Wednesday, April 07, 2004

TODAY'S TOP FIVE: I Have Bad News and I Have Bad News.

We're Going Back to the Drawing Board on the "Hearts and Minds" Thing During intense fighting in Fallujah today, US forces bombed a mosque complex, reportedly killing around 40 people. Fighting in the city has killed 15 marines since Monday, along with, as always, who-knows-how-many Iraqis. Say, weren't these people supposed to greet us as liberators?

Juan Cole Sets Us Straight Juan Cole, expert on Iraqi politics, gives us his take on the "two-front war" now being fought against Sunni militants and Shiite guerrillas: The Shiite uprising is incredibly troubling, not only because so far the Shiites have been calm, but because the Mahdi Army has seized control of some major cities, indicating that it's not just a few hundred "ragtag militiamen." Also troubling for the US is the fact that the unrest seems to have spread to middle-class Shiite neighborhoods in Baghdad. As the educated and cultured Cole puts it, "Major fighting in most Shiiite urban areas is unambiguous in its significance. It means that the Bush administration rule of Iraq is FUBAR."

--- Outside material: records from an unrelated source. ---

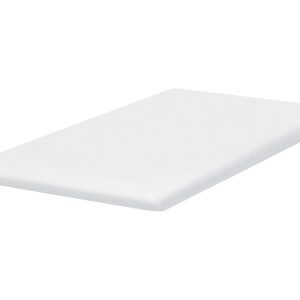 Materac topper termoelastyczny memory 140×200 cm 648290 Materac topper termoelastyczny memory 140×200 cm 648290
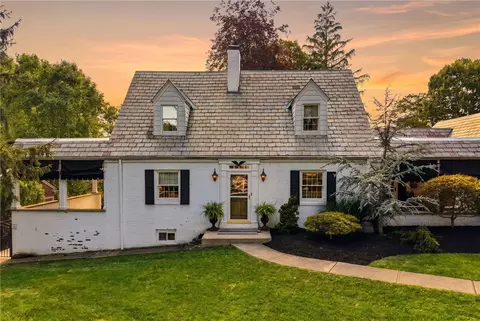 3108 Hillcrest, Bethel Park, PA 15102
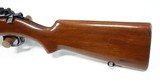 Pre War Pre A Winchester 52 Target 22 LR - 5 of 20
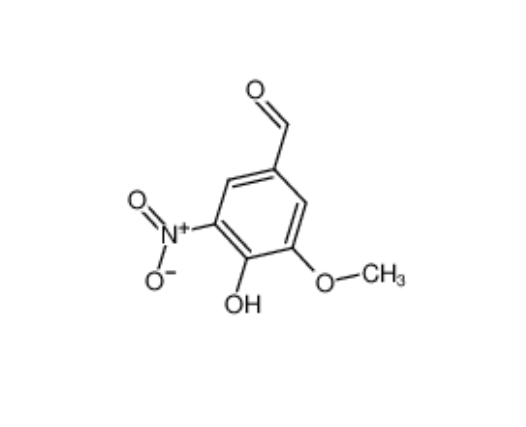 5-硝基香兰素,5-Nitrovanillin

The Army is on the Road to Ruin, Like that Awful Ramones Album Donald Rumsfeld's ambitious "Future Combat Systems" plan, a $92 billion remodeling designed to change essentially everything about the army, "is poised for major delays and a financial train wreck," according to the non-partisan federal General Accounting Office. Don't worry, though: Boeing, which stands to reap billions from the project, says it's still on track.

Kofi Annan: Slow Learner 10 years ago this week, Kofi Annan was instrumental in preventing the United Nations from intervening in the Rwandan genocide, which claimed the lives of between 800,000 and 1 million people in 100 days. Annan, who was head of UN peacekeeping at the time, refused to act on reports from UN soldiers in the field which indicated that the Hutu Power government, with its mass of poorly-armed supporters, could be stopped with a short, judicious use of force. Today, Annan is warning that the wars in the Congo and Sudan could create Rwanda-like situations. Perhaps someone should gently break the news to Kofi that 3 million people, most of them civilians, have already died in the fighting in Central Africa.

Our Wicked Popular President Scroll down to read a sign of the times: President Bush shows up to throw out the first pitch at the St. Louis Cardinals' season opener (side note: Asshole team, asshole president). The Cards' organization was so concerned about the boos the president was going to get that they piped in fake applause through the loudspeakers. Now, if this was a Phillies game, I'd say who cares - but the fact that they're worried about Bush being booed in the heartland seems significant to me.